*** Supplied data Section Begins ***

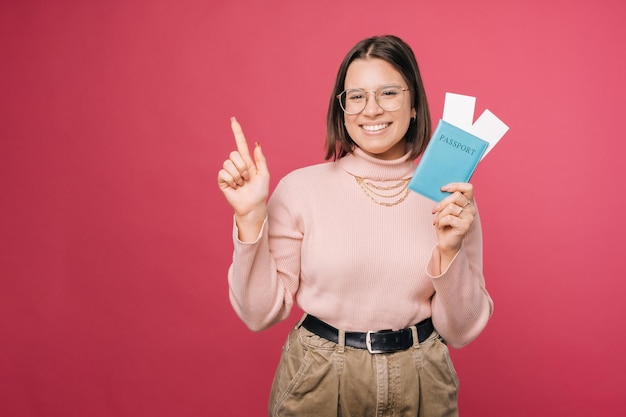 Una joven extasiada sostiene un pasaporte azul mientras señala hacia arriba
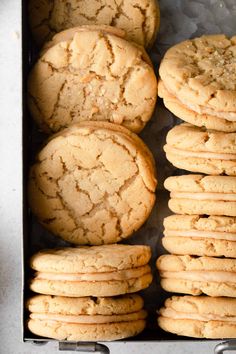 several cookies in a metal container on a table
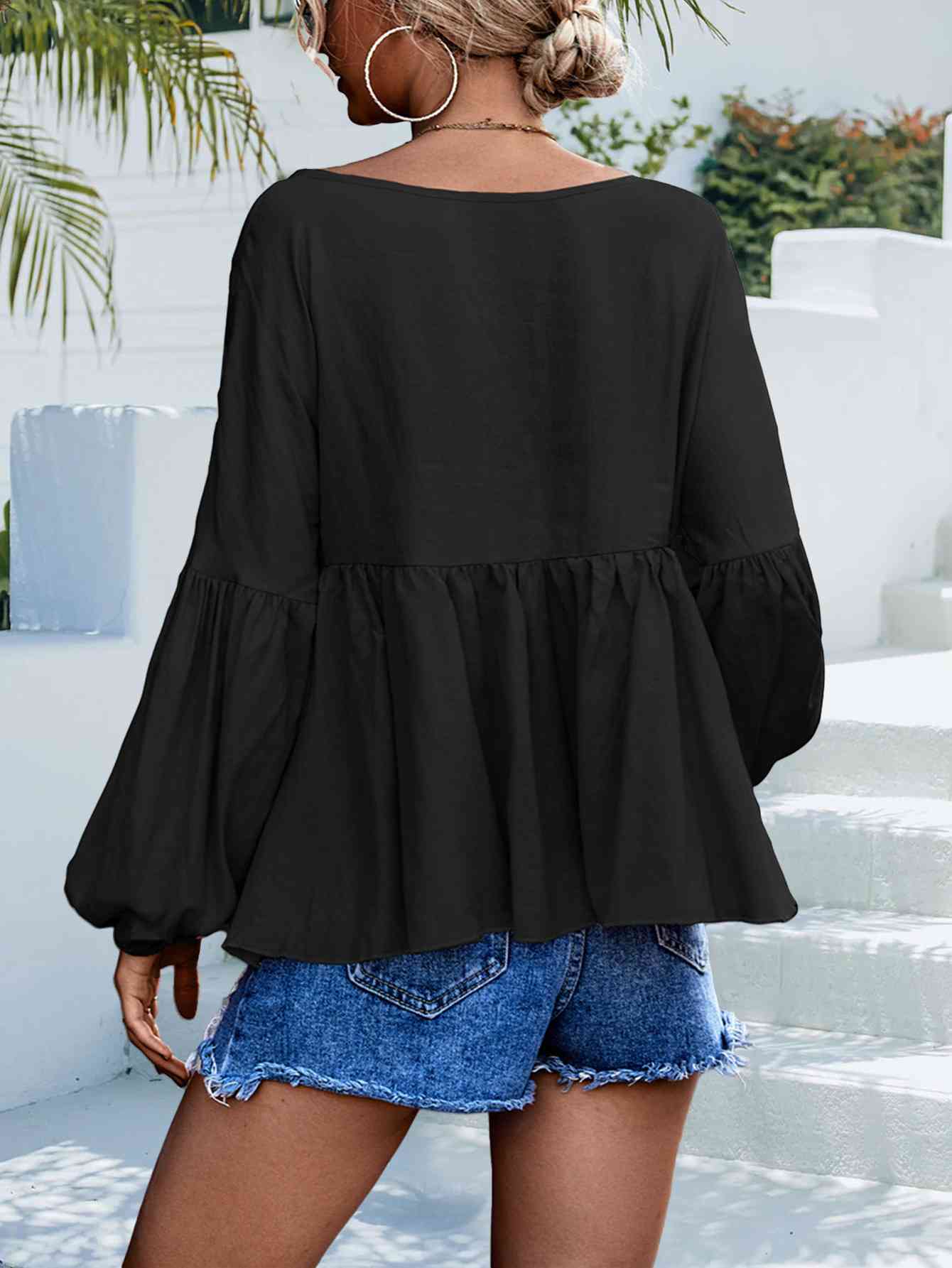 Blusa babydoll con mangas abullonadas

*** Supplied data Section Ends ***

• Work required:
Excluding the images, copy all of the material above verbatim.

• Solution for this task:
 Una joven extasiada sostiene un pasaporte azul mientras señala hacia arriba
 several cookies in a metal container on a table
 Blusa babydoll con mangas abullonadas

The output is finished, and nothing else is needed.